Sewaktu saya terkena paru-paru basah, sepulangnya dari survei
di Teluk Bintuni, Papua, sambil menunggu tindakan dokter untuk menyedot cairan
di paru-paru kiri, Ayahanda mengajak saya ke tabib gurah di suatu pondok
pesantren di daerah Arjawinangun, dan beberapa hari kemudian dokter yang akan
menyedot cairan di paru-paru saya terkaget-kaget, dan mendiagnosis bahwa cairan
di paru-paru saya sudah banyak berkurang, dan untuk itu hanya perlu minum obat
antibiotik saja.
Pengalaman berharga lainnya, sekitar 2 tahun yang lalu,
Ayahanda datang sendirian menjenguk ke
Cibinong ketika saya sakit keras, padahal belum lama Ayahanda dirawat di RS Pertamina
karena kadar gulanya naik.
Dini hari malam itu, Jum’at, 23 Agustus 2013 atau 16 Syawal 1434 H, pukul 03:00 WIB, Ayahanda kembali menghadap Sang Khaliq, dan beberapa saat sebelumnya dengan isyarat minta diperdengarkan rekaman murotal Quran dan tausiyah KH Zainuddin MZ, melalui HP yang dibimbing adik saya. Setelah itu nafas Ayahanda mulai melemah, dan akhirnya menghembuskan nafas terakhirnya.

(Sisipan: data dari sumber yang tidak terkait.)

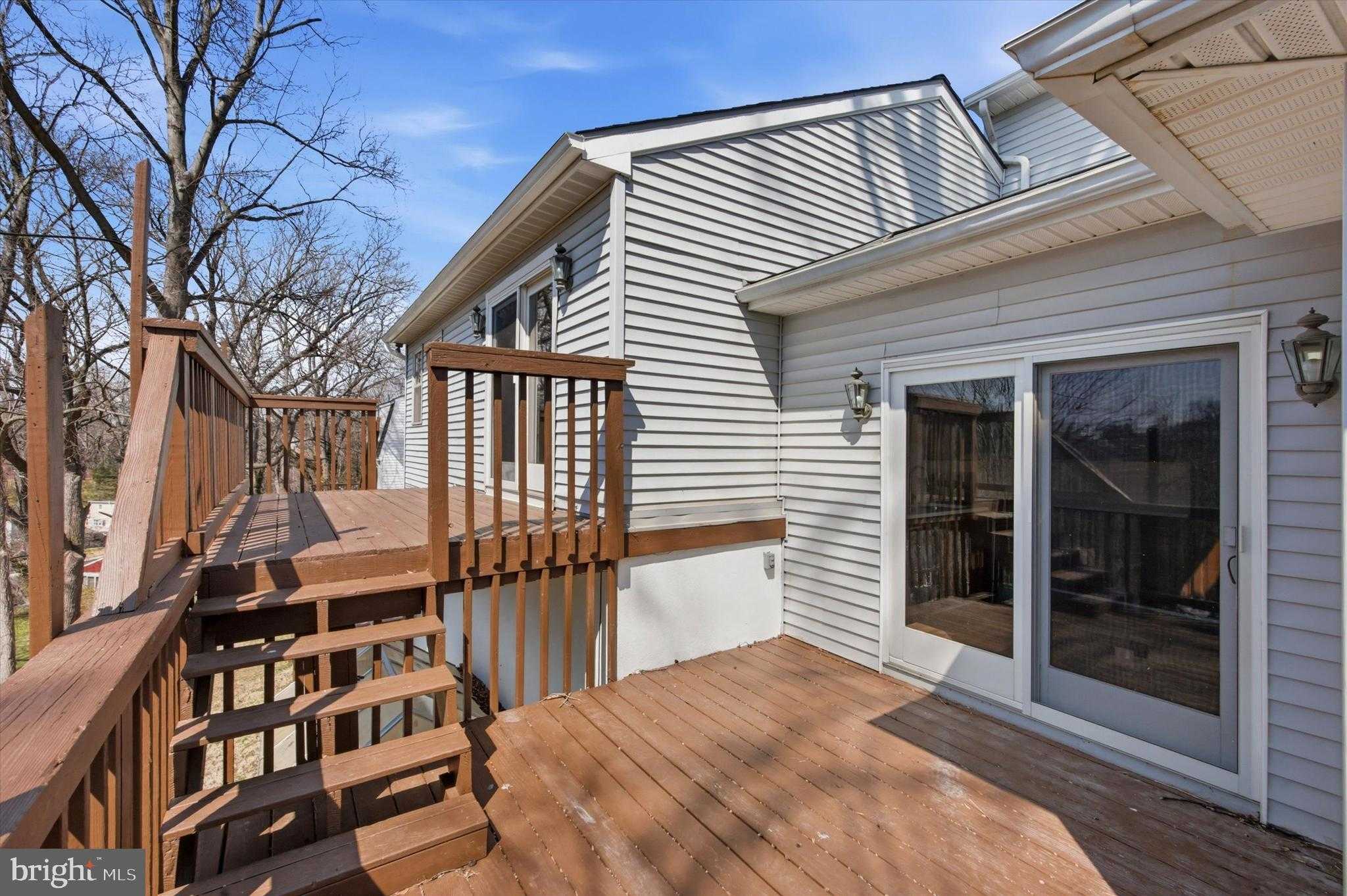 516 Anderson Ave photo 29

Pukul 11:15 WIB, jenazah Ayahanda, setelah sebelumnya
dimandikan dan dikafani, dibawa ke Masjid Al Muhajirin, untuk disemayamkan
sekaligus akan dishalatkan, setelah ibadah shalat Jum’at. Bada shalat Jum’at, pukul
12:25 WIB, dengan dihadiri oleh beberapa tokoh ulama dan puluhan jamaah yang
memenuhi masjid, Ketua DKM, H. Bambang, membuka prosesi ini, kemudian sambutan
pihak keluarga yang dibawakan oleh saya sendiri, selaku anak laki-laki tertua.

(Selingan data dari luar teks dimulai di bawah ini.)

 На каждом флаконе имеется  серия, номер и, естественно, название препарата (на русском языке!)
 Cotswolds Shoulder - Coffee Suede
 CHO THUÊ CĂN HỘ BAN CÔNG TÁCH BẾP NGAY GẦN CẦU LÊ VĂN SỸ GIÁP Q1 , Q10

Akhirnya Almarhum dishalatkan dengan diimami oleh adik saya. Acara diakhiri
pembacaann doa oleh H. Ishomuddin Al Badawi, dengan suasana yang menjadi sangat
haru, dan airmatapun tak terasa menetes, tak mampu lagi untuk ditahan.

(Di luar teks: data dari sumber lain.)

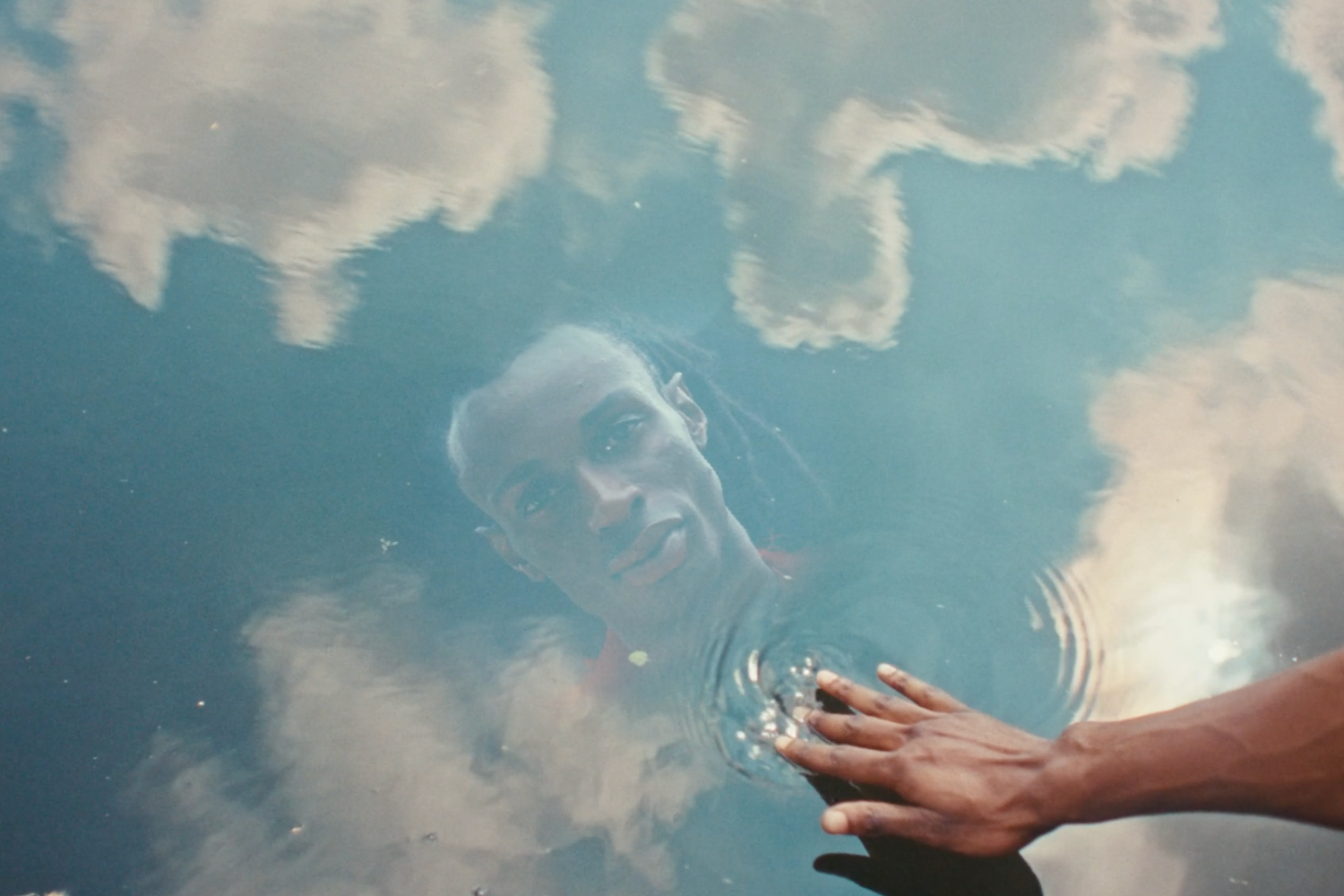 XCMUA FILM Florescence 5.webp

Jenazah Ayahanda, dimakamkan di pemakaman Tedengjaya, sekitar
1 km, dari perumahan kami. Saya dan adik, menjadi orang terakhir yang
mengantarkan almarhum ke liang kuburnya. Tak terasa berat, bahkan hampir tidak
merasakan beban ketika menurunkan jasad almarhum. Innaalillaahi wainnaa ilaihi rooji’un, sesungguhnya kami adalah
milik Alloh SWT, dan kepada-Nyalah kami kembali.
Allohummaghfirlahu warhamhu wa’aafihii wa’fu’anhu wa akrim nujulahu wawasysyi’ madkholahu waghsilhu bimaa in watsaljin wabarodin wanaqqihii minal khothooyaa kamaa yunaqqots tsawbul abyadhu minad danasi wa abdilhu daaroon khoiroon min daarihii, wa ahlan khoiron min ahlihii waqihii fitnatal qobri wa ‘adzaabannaar.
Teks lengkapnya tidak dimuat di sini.